Why we still don’t have music in church yet

Most of what we do as church, in our usual Sunday service, is now happening again. We are reading and preaching the Word, praying, taking communion and doing most of what we would typically do. But we’re still not singing. In fact, we don’t have any musical element to our services at all. So why haven’t we brought this back in yet?

First, it probably helps to have a quick look at the specific government guidelines. Here is what they say:

What the leader(s) can do

Small groups of professional or non-professional singers will be able to sing in front of worshippers both outdoors and indoors from 15 August. Singing in groups should be limited to a small, set group of people and should not include audience participation.
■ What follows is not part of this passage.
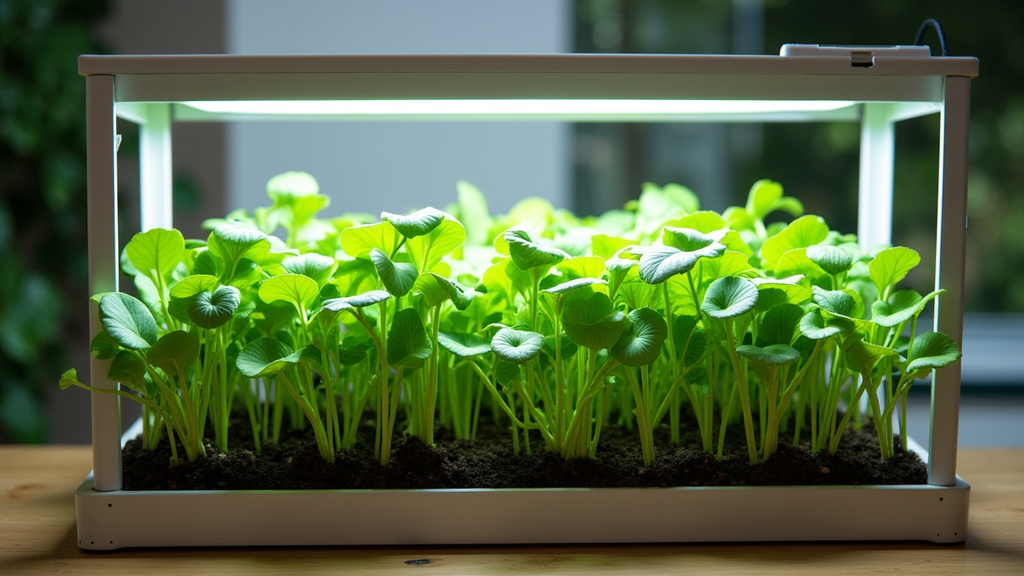 Year-Round Greenery: Making Grow Lights Work for Your Houseplants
Places of worship should take account of the Performing Arts guidance.

Where music plays a big part in worship, and recordings are available, we suggest you consider using these as an alternative to live singing to mitigate risks.

Any instrument played during worship should be cleaned thoroughly before and after use.

Avoid playing music at a volume that makes normal conversation difficult or that may encourage shouting when people will be trying to converse before or after worship.

What the congregation can do

People should avoid singing, shouting and raising voices. This is because of the potential for increased risk of transmission from aerosol and droplets.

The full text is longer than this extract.